= 1780 Black Camp Rebellion =

Uprising of the American Revolutionary War

The 1780 Black Camp Rebellion was a brief Loyalist uprising in Sussex County, Delaware, that occurred during the American Revolutionary War. It was a local reaction to the American War of Independence by Loyalists (called Tories by their opponents) who opposed the independence movement and intended to secure Sussex County for the British.

The insurrection lasted from July 15 to about August 10, 1780, when pro-American militia forces were sent in to round up and arrest the participants. The insurrectionists were mainly from Cedar Creek and Broadkill Hundreds, and their headquarters were in a swamp about six miles north of Georgetown (an area later settled as Ellendale, Delaware), which was in what had been disputed wilderness territory between Delaware and Maryland.

== Participants ==
Most of the insurrectionists were poor farmers in the county who were frustrated over the situation that the war had left them in. The leaders of the insurrection were Bartholomew Banynum (Barnum) of Broadkill Hundred and William Dutton of Cedar Creek Hundred.

== Causes ==
The citizens of Sussex County were far away from the centers of colonial rebellion and protests in Boston, Philadelphia and New York and had no significant objections to how they were ruled by the British government. When the Revolutionary War started, many of the citizens were resentful in finding their lives and livelihoods disrupted by the war.

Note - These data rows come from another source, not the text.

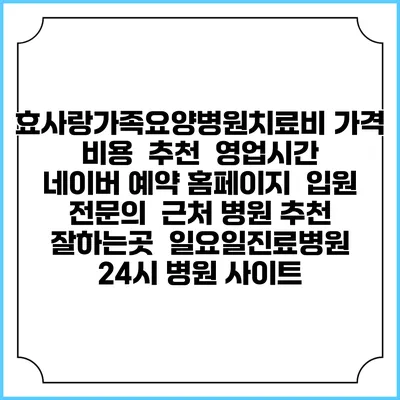 효사랑가족요양병원치료비 가격 비용 | 추천 | 영업시간 | 네이버 예약 홈페이지 | 입원 | 전문의 | 근처 병원 추천 잘하는곳 | 일요일진료병원 | 24시 병원 사이트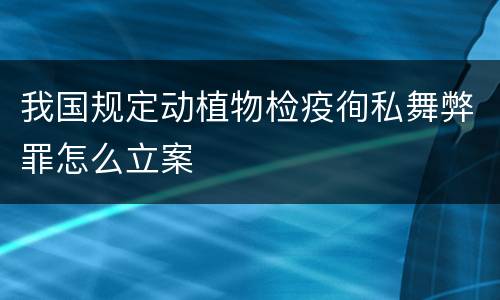 我国规定动植物检疫徇私舞弊罪怎么立案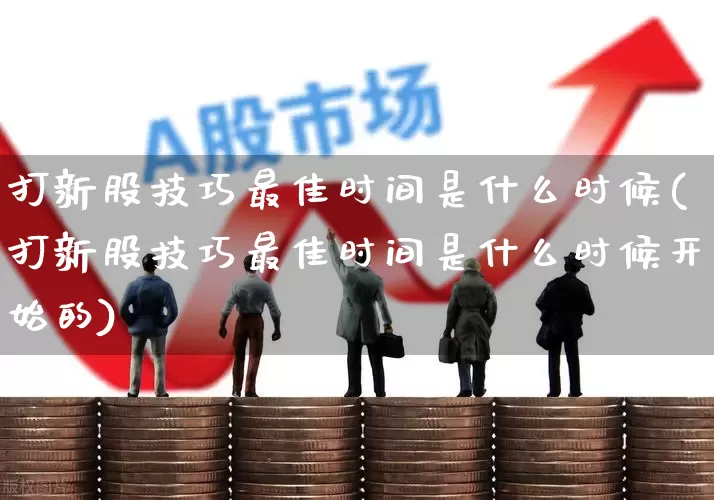 打新股技巧最佳时间是什么时候(打新股技巧最佳时间是什么时候开始的)_https://www.hhem8.com_北交所_第1张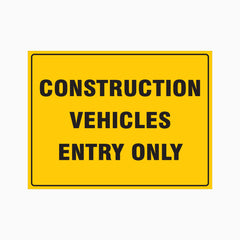 CONSTRUCTION VEHICLES ENTRY ONLY SIGN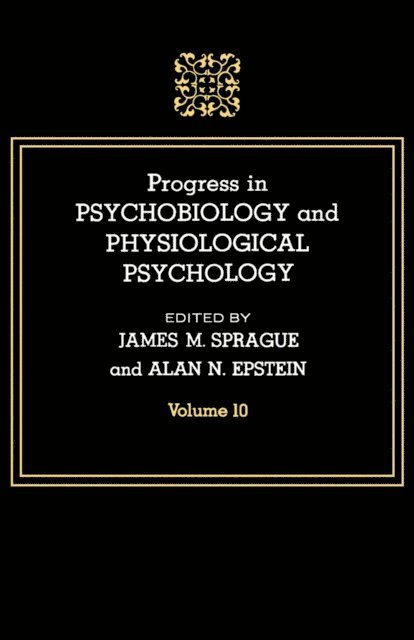 Alan N. Epstein, James M. Sprague - Progress in Psychobiology and Physiological Psychology, E-bok. Tillgänglighet: Lägg i varukorg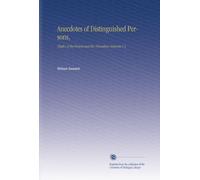 Anecdotes of Distinguished Persons,: Chiefly of the Present and Two Preceding Centuries V.3
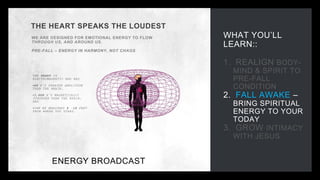 WHAT YOU’LL
LEARN::
1. REALIGN BODY-
MIND & SPIRIT TO
PRE-FALL
CONDITION
2. FALL AWAKE –
BRING SPIRITUAL
ENERGY TO YOUR
TODAY
3. GROW INTIMACY
WITH JESUS
THE HEART SPEAKS THE LOUDEST
WE ARE DESIGNED FOR EMOTIONAL ENERGY TO FLOW
THROUGH US, AND AROUND US.
PRE-FALL – ENERGY IN HARMONY, NOT CHAOS
ENERGY BROADCAST
THE HEART IS
ELECTROMAGNETIC AND HAS
•60 X’S GREATER AMPLITUDE
THAN THE BRAIN,
•5,000 X’S MAGNETICALLY
STRONGER THAN THE BRAIN,
AND
•CAN BE MEASURED 8 -10 FEET
FROM WHERE YOU STAND.
 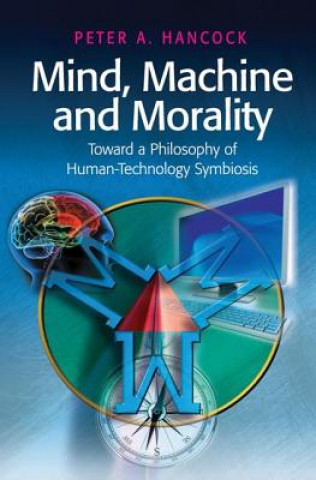 Książka Mind, Machine and Morality Peter A. Hancock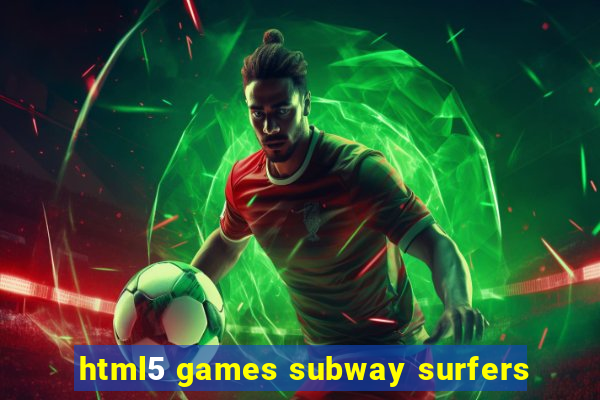 html5 games subway surfers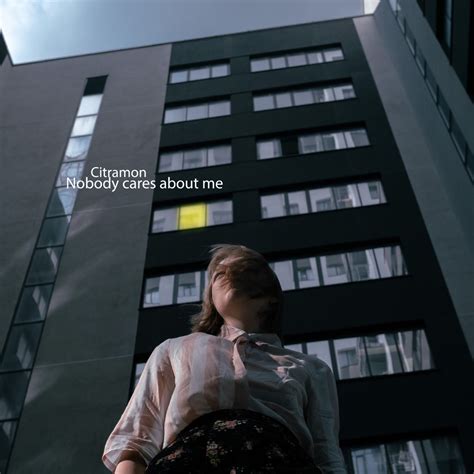 ‎Nobody Cares About Me - Single by Citramon on Apple Music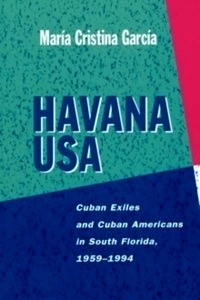 Havana USA - Cuban Exiles x{0026} Cuban Americans in South Florida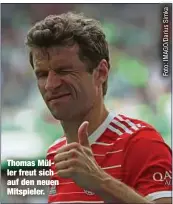  ?? ?? Thomas Müller freut sich auf den neuen Mitspieler.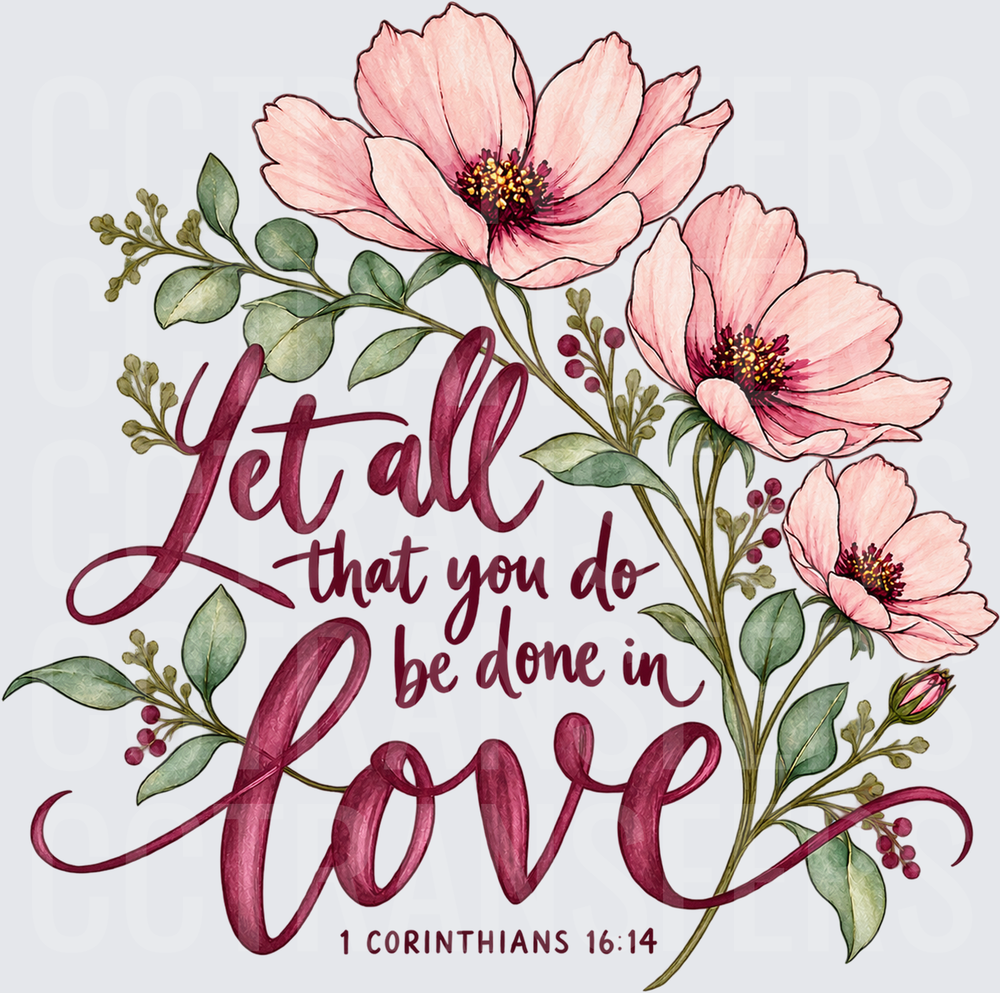Let All That You Do Be Done In Love 1 Corinthians 16:14 Floral (DTF)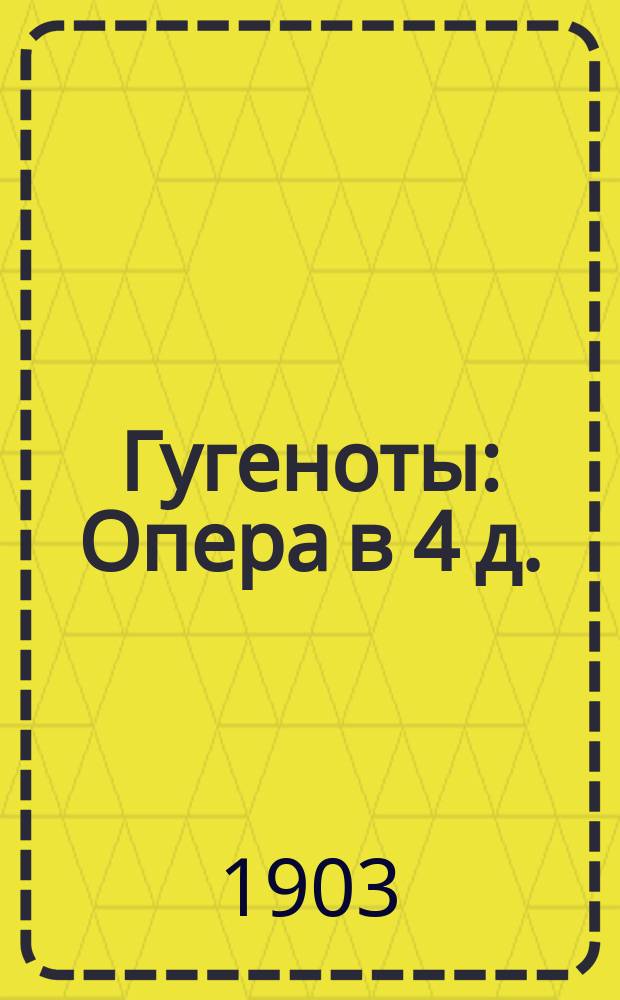 Гугеноты : Опера в 4 д. : Подробное ! краткое либретто оперы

While Sussex County farmers (as did farmers throughout the colonies) suffered throughout the war from the shutdown of their markets in Philadelphia and Baltimore and occasional seizure of their products by both the American and British militia, their situation was exacerbated in 1780 by a summer drought that destroyed most of the summer wheat harvest. Already resentful of the tax burden imposed on them by the war, many of them were destitute and unable to pay those taxes in 1780. But the trigger for the insurrection seemed to be the British capture of Charleston, South Carolina, in May 1780.

== Chronology ==
Around July 15, a number of men from Broadkill Hundred came together to discuss their hardships and frustrations over the war and what they might do about it. With recent knowledge of the British capture of Charleston, it was rumored and believed that most of the southern colonies from Maryland to Georgia were about to be secured by the British. The group began discussing the possibility of securing Sussex County for the British as well, which would earn them favor by the British. Deciding to move ahead with that plan, the group chose Bartholomew Barnum, a local small planter as their captain, and began training. A similar group formed at about the same time in Cedar Creek Hundred. They chose a full roster of officers to lead their militia: William Dutton as captain; William Ratcliffe as the first lieutenant; Job Townsend as second lieutenant; and Sengo Potter to serve as the company clerk.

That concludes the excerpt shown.